Yeah, one of the really cool use cases around Shiny apps or like our Posit Connect platform is really in the area of like model transparency and like demystifying the black box of models a little bit. So one of our use cases is, you know, when we're working on a new model, our business partners have a lot of questions around, well, how would the model react if X? Or how would the model react if Y? Like how would the model react if we get a school lunch order and there's a hundred orders placed at one time? How would the model react if, you know, we had a snowstorm? Like what kind of labor would it recommend?

So what we've done is for some of our forecasting models, creating a Posit Connect application that just has that model on the backend and user inputs for the inputs for the model. So the user can go and experiment and do these what-if scenarios and see what the output would be. And that's really helped us achieve some comfortability with our partners. And I think it's a cool use case of that platform.

Advice for PhD students entering industry

There's two things I wish I could tell myself in my first year, you know, out of my PhD and into the industry. And one is, and I think it's related to another question we had today, but it's related to kind of this model accuracy, right? When you're in academia, like your objective is to find the best fitting model and to really look in order to move the field forward. That's where your focus needs to lie. Really, it is building that best model possible.

But when you get into industry, the best model isn't necessarily the one that is going to be the most valuable, right? Maybe there's a simpler model that is more parsimonious. It's quicker to get out into production and start generating value. And there is a case to go with that simpler, quicker to deploy model than taking the time to do the full experimentation and really achieve the most optimal accuracy that's possible. So I had a few like scenarios where I was just taking too long to deliver because I was in this academic mindset of I needed to find the best solution. So, and not the most valuable solution.

And then the other area is, you know, at least in my academic experience, like intellectual debate was really kind of something that you become second nature, right? You know, I really cherish the times in my PhD education where I got to, you know, challenge my classmates thinking and push back. And, you know, what came out of that is usually mutually beneficial to everyone involved. You can't do that in industry. Not everybody is really thinking that way. And really not everyone is expecting to join a meeting and be part of an academic debate. So, you know, that is one thing I learned early on is like, hey, why is everybody like, why does no one want to talk to me? And you can't challenge everyone's ideas all the time. So that's another lesson I wish I knew.

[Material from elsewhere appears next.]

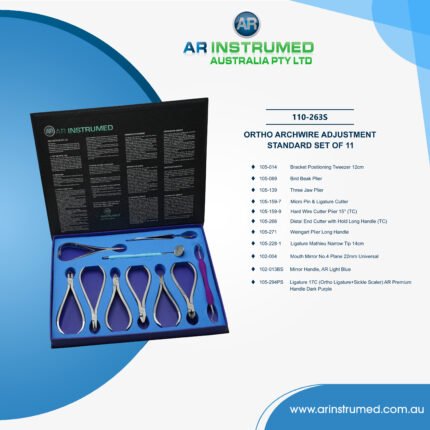 Ortho Archwire Adjustment Set of 11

Engaging people on the emotional plane

So I think what's really important is to engage people on the emotional plane first. People have an emotional attachment to their work. It's what they spend. Most people, I would say, see the people that they work with more than they see their significant other sometimes. And the work that you do is such a huge part of your identity. And the projects that you work on at work are become a part of your identity. So when you're challenging someone's ideas, sometimes you're challenging their identity and the value that they view themselves. So really understanding that and meeting people on the emotional plane before you dive into the logical plane, I think, is a good strategy that I've tried to utilize. I'm not always perfect at it, but that's my pro tip.

So when you're challenging someone's ideas, sometimes you're challenging their identity and the value that they view themselves. So really understanding that and meeting people on the emotional plane before you dive into the logical plane, I think, is a good strategy that I've tried to utilize.